At that moment both of their phones chimed in unison. They both looked down quizzically. How could they get service out here? Neither of them had notifications turned on, but somehow they both got a ping about a new video that was trending on ViewTube. As they both hunched over the screen, a video began to play from an embedded point somewhere in the middle.


‘...a growing health concern regarding a mysterious virus that has exploded throughout the city this Valentines day. Researchers from Magpyre’s medical division have fast-tracked a viral suppressant that has proven effective in combating the symptoms of the disease. Rumored to be a chemical combination of Poxicillin, Blightlynol, Yanafedrin and other proprietary components; the new wonder drug is already being made available without a prescription at pharmacies across Neo-Gangnam. City officials still have made no official statement regarding the or-’
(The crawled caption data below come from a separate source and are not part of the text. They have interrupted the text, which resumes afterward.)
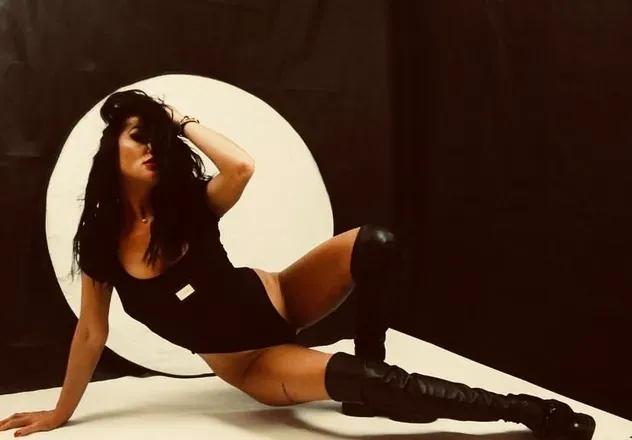OnlyFans cuenta marika3 header 2
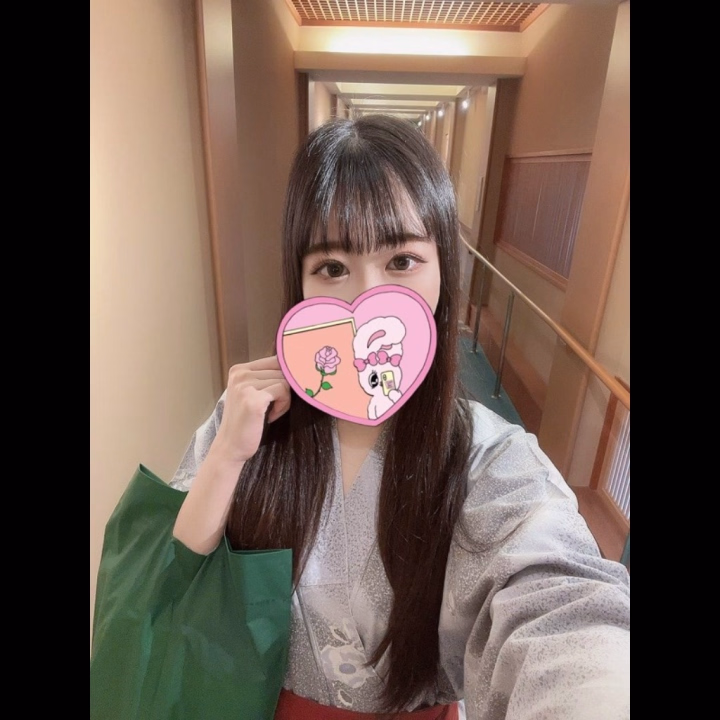 こんばんは!
かりんです♡
昨日来てくれたお兄様ありがとう♩
本日19時半~24時までいます🌟
いつもより遅くまでいるよ💭💭
お休みのお兄様も、お仕事終わりのお兄様も癒されに来てね🤍
お誘い待ってます♪♪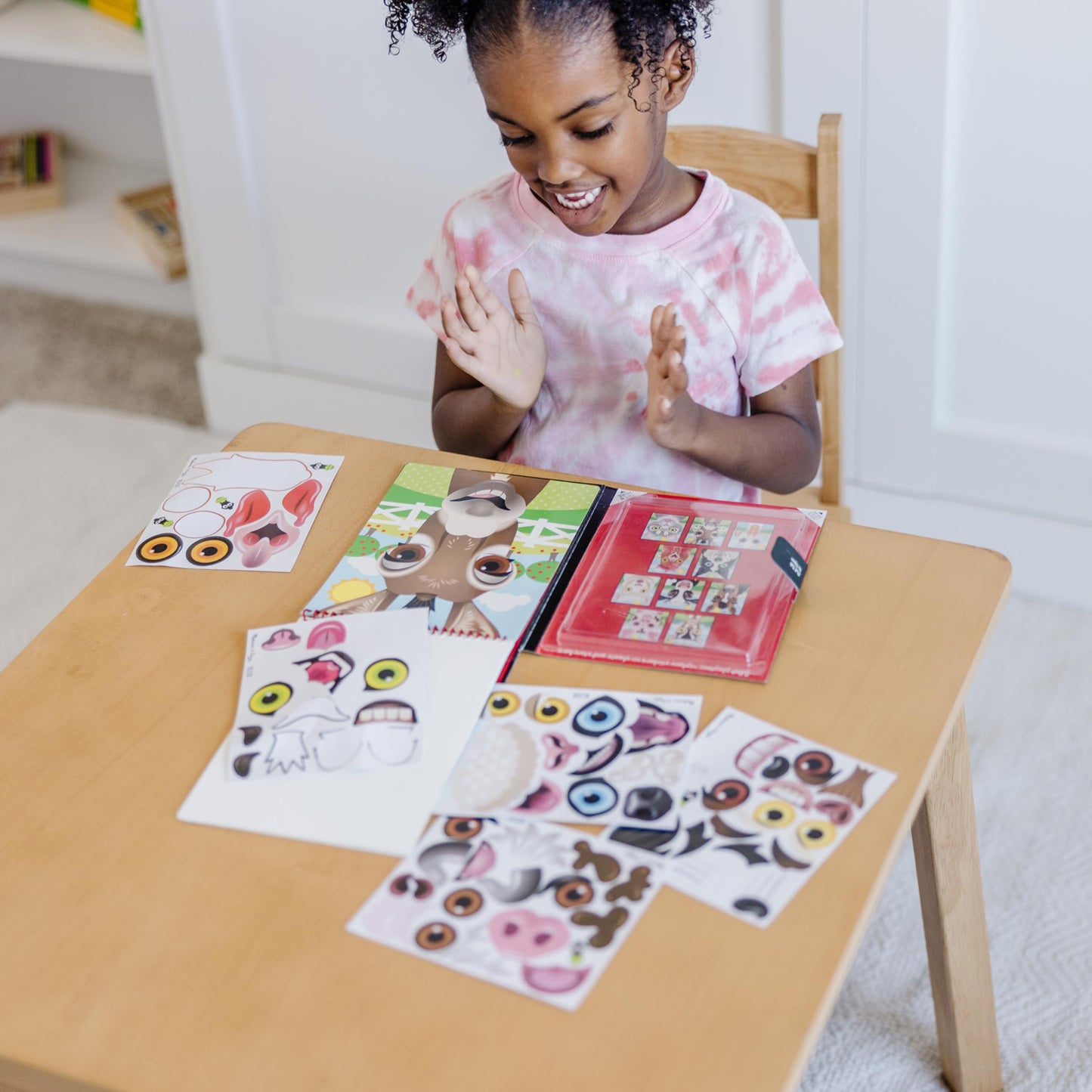 Melissa & Doug On the Go Make-a-Face Sticker Pad – Farm Animals (10 Scenes, 76 Cling Stickers)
‘What do you say? Let’s get home and see about getting better?’


‘I think I’d like that.’ The malignant effluvium that had permeated the air around them seemed to dissipate with the calming wind. Already Gywyn could feel like an immense weight had been lifted from his shoulders, and even almost felt a little bit lighter with Ivida by his side.


As they made their way back to the city, every once in awhile Gywyn thought he could catch a whiff of that familiar malodor that seemed to adhere to his upper lip. While unpleasant, Gywyn appreciated the humble reminder, and hoped that it never completely went away.



‘Welcome!’ the hotel barkeep exclaimed as he set a bowl of fresh hot ramen in front of Bob.


‘Why do you always say that keep? I’ve been here the whole time!’